ITS News

Senin, 02 September 2024
22 November 2011, 14:11

Belum Bernilai Sebelum Bisa Dijual

Oleh : Dadang ITS | | Source : -

Kata-kata itu diucapkan saat berbincang mengenai mobil Sapu Angin. Mobil lima generasi yang mampu menempuh jarak 150 kilometer per liter ini telah membanggakan Indonesia dalam ajang Shell eco-marathon di Malaysia, dengan menyabet gelar juara pertama. Mobil itu telah menorehkan arti, namun mengapa ia masih disebut tak berarti?

Siapapun tentu bangga akan prestasi kampus tercinta. Saya juga sangat bangga dengan kiprah mobil buatan asli ITS itu di kancah internasional. Namun, saya tergelak shock dengan senyum terpaksa, saat mendengar statement Jusuf Kalla. Kalla melontarkan bejibun kritik yang bermuara pada sebuah kesimpulan, bahwa Sapu Angin tak bernilai sebelum ia punya level ekonomi.

Sorak galau para mahasiswa bergemuruh di seantero gedung Grha Sepuluh Nopember saat itu. Semua tampak kaget, bercampur ingin membenarkan statement Kalla. Termasuk saya, dengan berat hati bergumam, "Benar juga ya.. tapi.."

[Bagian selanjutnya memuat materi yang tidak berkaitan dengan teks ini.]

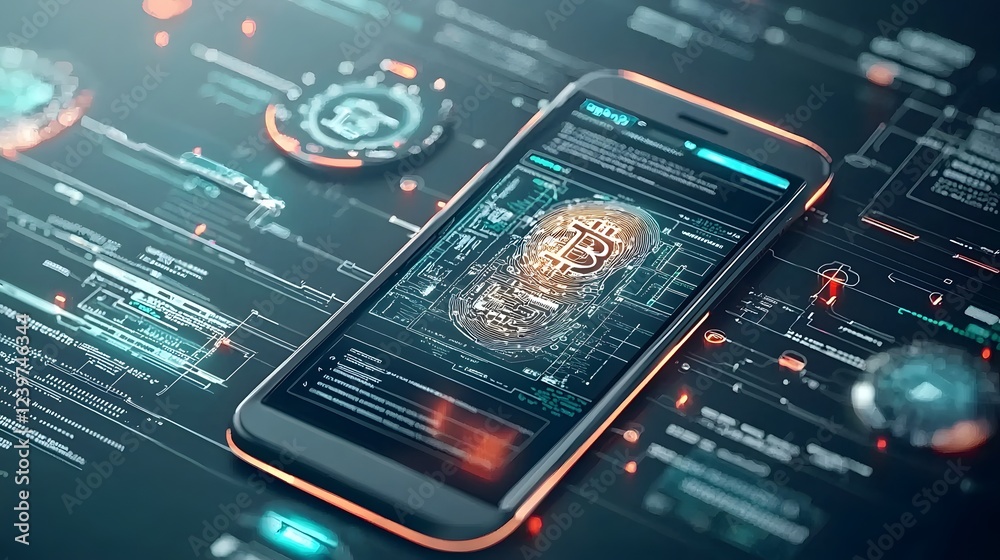 Poster Futuristic blockchain inspired mobile authentication system with biometric identification and security verification features for fintech and digital finance applications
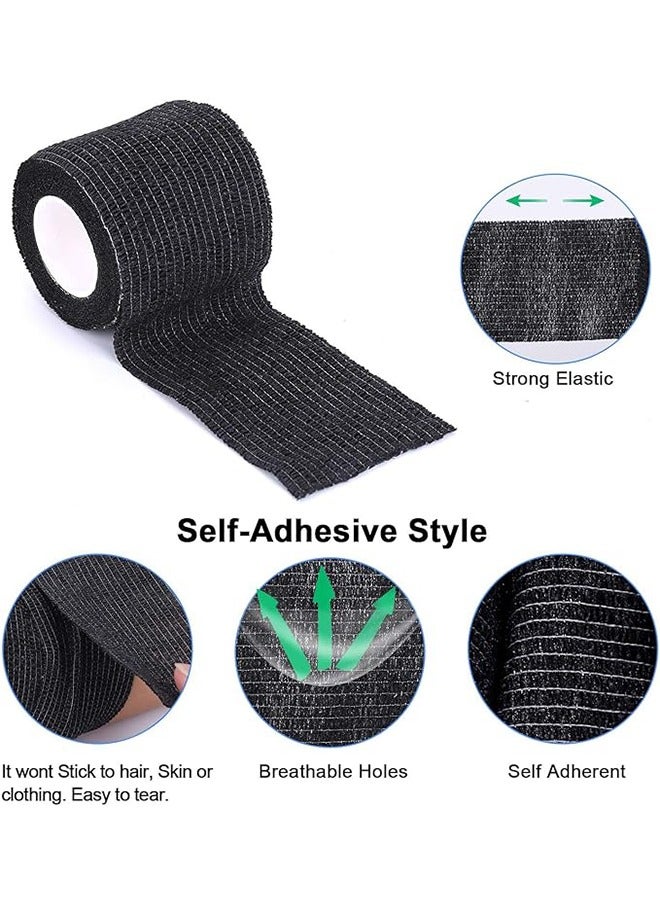 6-Pack Self-Adherent Cohesive Wrap Bandages, Non-Woven Disposable Wound Dressing Elastic Bandage, First Aid Wrist Strap, Fixed Breathable Sports Bandage - Skin Tone/Black (5CM*4.5M) ﻿ - Image 2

Sepulang dari acara itu, saya termenung dan berpikir. Memang benar, Sapu Angin belum punya nilai jual. Memang benar, produksi Sapu Angin memakan waktu yang lama. Memang benar, proyek Sapu Angin melahap budget yang besar. Memang benar, mobil Sapu Angin belum bisa diproduksi secara massal.

Namun, bukan berarti sebelum semua itu teraih, mobil itu tak berarti sama sekali. Apakah ukuran sebuah penemuan baru hanya dari sisi ekonominya saja? Lirik dulu sebentar, mobil itu membuat Indonesia patut berbangga padanya. Setidaknya dia menjadi berarti dengan bukti gelar juaranya. Setidaknya dia telah menorehkan secuil prestasi untuk Indonesia. Membuat bangga Indonesia, Jawa Timur, dan ITS.

Pada dasarnya, mobil Sapu Angin memang dibuat untuk kepentingan lomba Shell eco-marathon di Malaysia semata. Tidak ada maksud untuk mengembangkannya, memproduksinya secara massal, dan menjualnya. Di luar kenyataan tersebut, tidak adanya industri yang memberikan tawaran untuk bekerja sama juga menjadi faktor nomor wahid kendala sepak terjangnya.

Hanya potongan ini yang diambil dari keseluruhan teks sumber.